#### Record extracts:
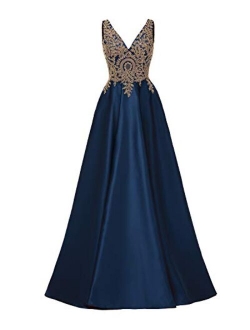 Molisa Appliques Prom Dresses Long V Neck Satin Evening Dress Formal Party Ball Gown with Pockets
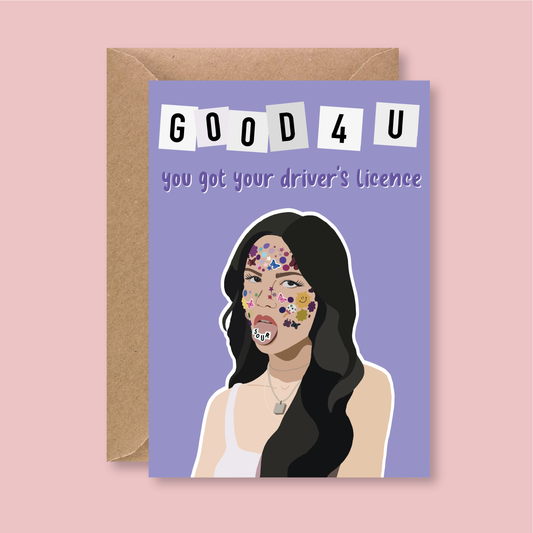 Olivia Rodrigo Good 4 U Driver's Licence Card - Blush Boulevard Greeting Card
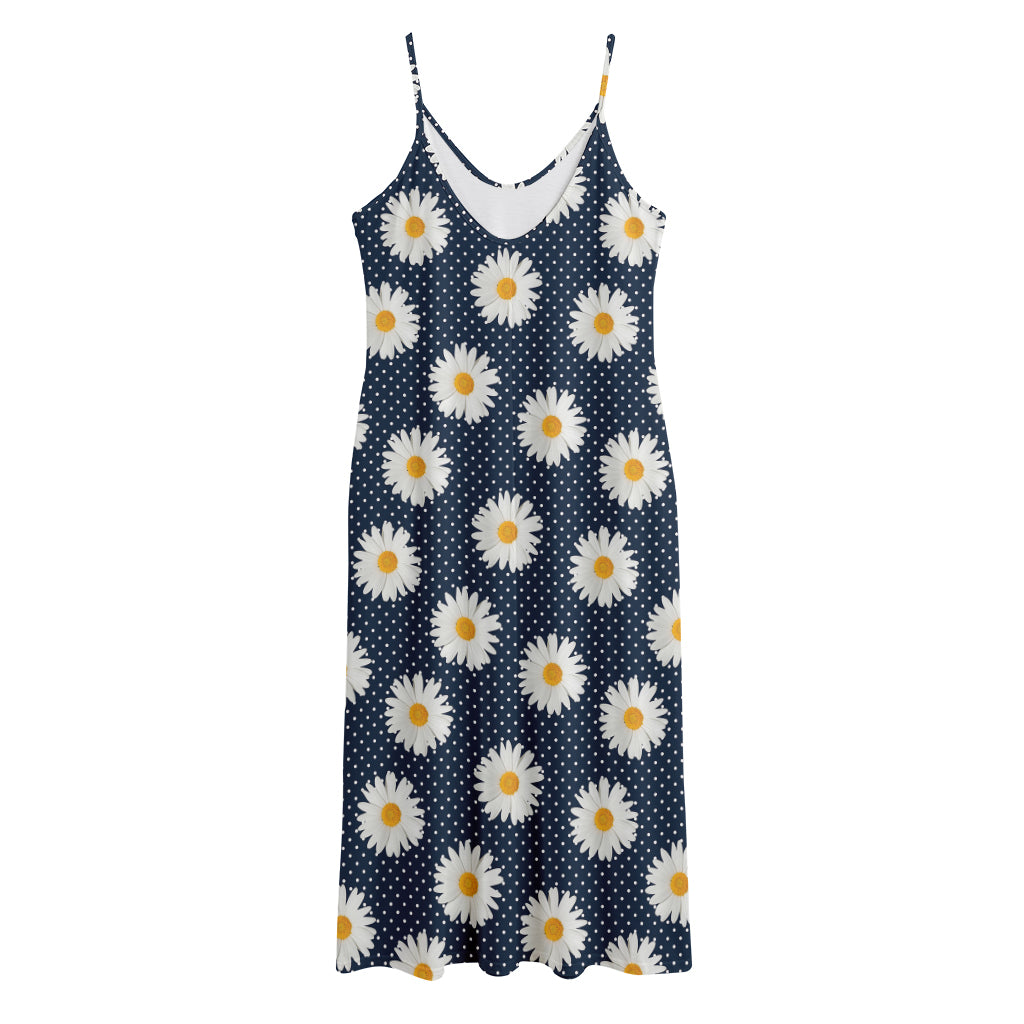 Polka Dot Daisy Floral Pattern Print Jersey Midi Cami Dress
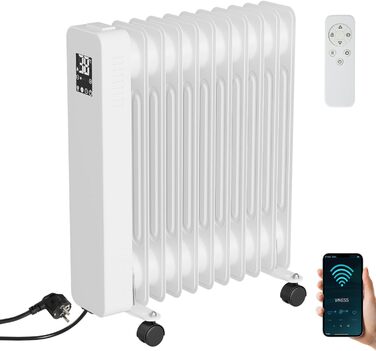 Електричний конвектор Daromigo 2000W з термостатом та Wi-Fi, IP24, настінний, інфрачервоний, чорний, енергозберігаючий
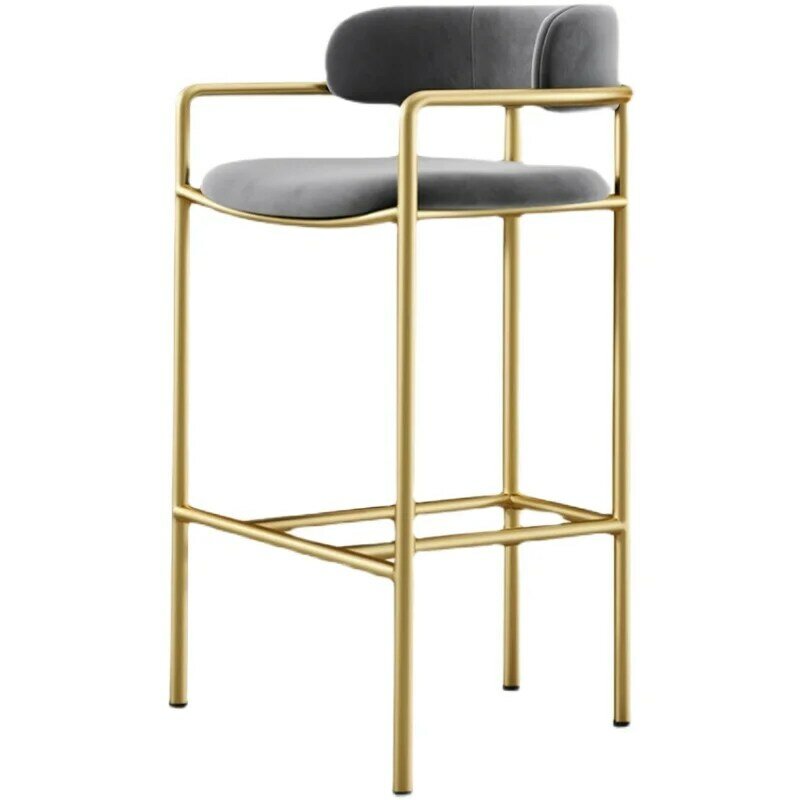 Nuova sedia da Bar nordica moda casa per il tempo libero sedie da pranzo Design moderno schienale creativo oro/nero piedi alti mobili da biblioteca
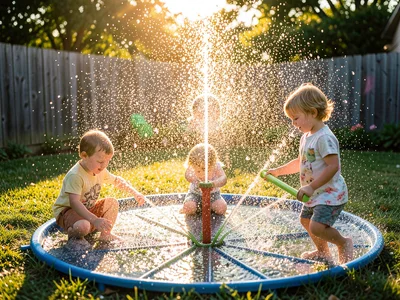 Children playing in sprinkler, frozen water droplets catching golden light, back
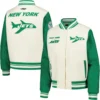 New York Jets Retro Classic Vintage Wool & Leather Varsity Jacket - Image 3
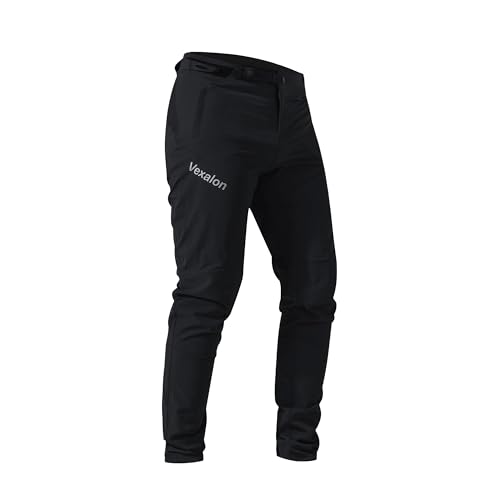 VEXALON Mountain Bike Pants，BMX Riding Pants for Mens, Quick-Dry Lightweight Breathable Cycling Bicycle Downhill Bike Pants-Black-36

#### Work task:
Every line from the one holding "New York Jets" through the last line of the entries above, and nothing else, is to be restated word for word. Pictures stay out.

#### Exercise result:
 New York Jets Retro Classic Vintage Wool & Leather Varsity Jacket - Image 3
 VEXALON Mountain Bike Pants，BMX Riding Pants for Mens, Quick-Dry Lightweight Breathable Cycling Bicycle Downhill Bike Pants-Black-36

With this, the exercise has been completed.